O trabalho miocárdico (MW), por outro lado, independente da variável pós-carga, justamente por incorporar a pressão arterial no seu processamento, e pode nos ajudar a entender se a redução da FE ou do SGL é patológica ou não.

Quando avaliar o MW com EI.

Quando há suspeita de disfunção miocárdica subclínica com FE normal. (1) Hipertensão arterial e (2) cardiotoxicidade são exemplos frequentes, devido à compensação epicárdica apical, que mascara a função, mas havendo falha da camada mesocárdica. (3) Uso de esteroides anabolizantes de forma crônica ou em doses suprafisiológicas, (4) sintomas ou desempenho físico desproporcionais com a FE, (5) hipertensão de exercício, (6) dor ou dispneia com testes negativos para doença coronária e (7) divergência entre a clínica e a ecocardiografia convencional.

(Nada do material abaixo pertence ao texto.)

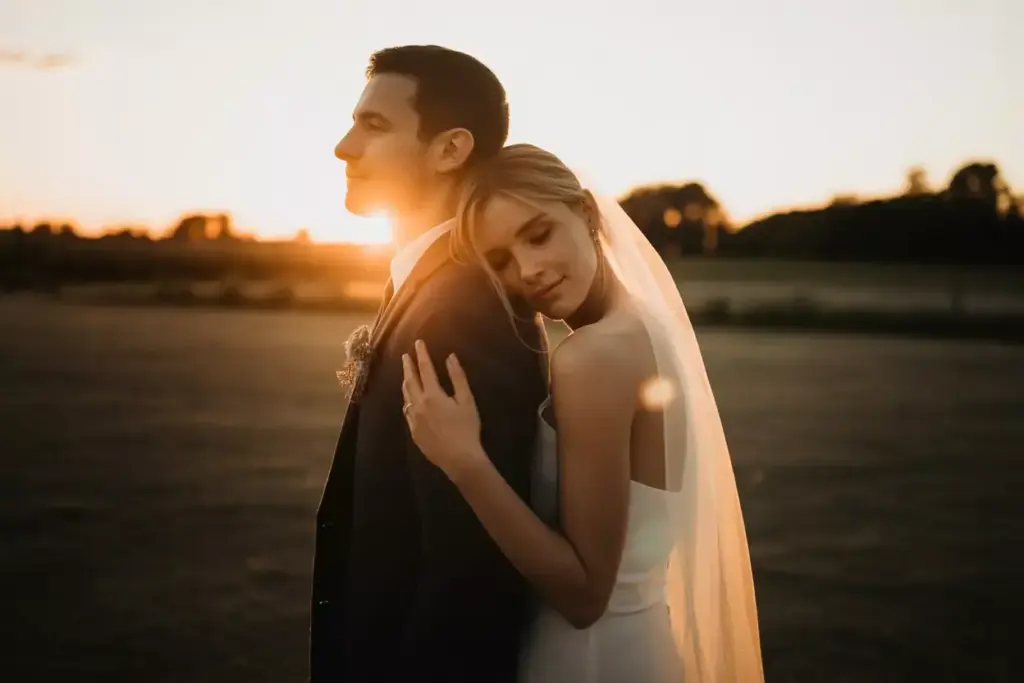 Bride hugs groom from behind at sunset in an open field, both wearing wedding attire and looking serene.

Quando é necessário indagar se o ventrículo tolera o aumento da pós-carga, visto que o EI eleva a PA sem taquicardia relevante nos primeiros minutos. O MW mostra se o ventrículo mantém o trabalho útil (trabalho construtivo, GCW) com padrão ascendente base-ápice, ou se o trabalho desperdiçado aumenta (GWW) diminuindo a eficiência (GWE).

A incapacidade de se aferir a PA durante o estresse por arritmia irregular, instabilidade hemodinâmica ou dor não permitem a correta avaliação do MW.

Como interpretar.

Em condições fisiológicas, o trabalho construtivo global (GCW) aumenta com o EI, mantendo o padrão ascendente base-ápice, com o trabalho desperdiçado (GWW) estável ou com pequeno aumento, o que irá manter a eficiência (GWE), a que ainda pode diminuir de 1% até 3%. O SLG diminui, principalmente com maior aumento da PA, da qual se mede a porcentagem de aumento (ΔPA). A torção apical costuma aumentar (Figura 3).

Figura 3. Exame realizado em atleta de elite, não usuário de EAA. Observa-se o aumento da ativação apical com o esforço.

Fatores que alertam para disfunção miocárdica subclínica: eficiência global diminuída (GWE) em mais de 5%, mesmo com aumento significativo da ΔPA; aumento desproporcional do trabalho desperdiçado (GWW), padrão não ascendente do trabalho construtivo (GCW) que não aumenta o esperado para o aumento da ΔPA obtida; diminuição do strain circunferencial com compensação apical do SLG, mas com aumento da dispersão mecânica da deformação, indicando perda de sincronismo de contração. Em casos mais graves há perda de rotação apical (Figura 4).  

Figura 4. Exame realizado em atleta usuário de EAA, evidenciando, a pesar do aumento do SLG e do trabalho miocárdico durante o esforço, significativa diminuição do twist (mesmo com ativação longitudinal apical) e da eficiência miocárdica, com aumento do trabalho desperdiçado.

Conclusão.

O MW adicionado de EI constitui uma excelente ferramenta para avaliar a reserva contrátil, principalmente em casos em que o ecocardiograma convencional e mesmo o strain longitudinal são inconclusivos ou duvidosos.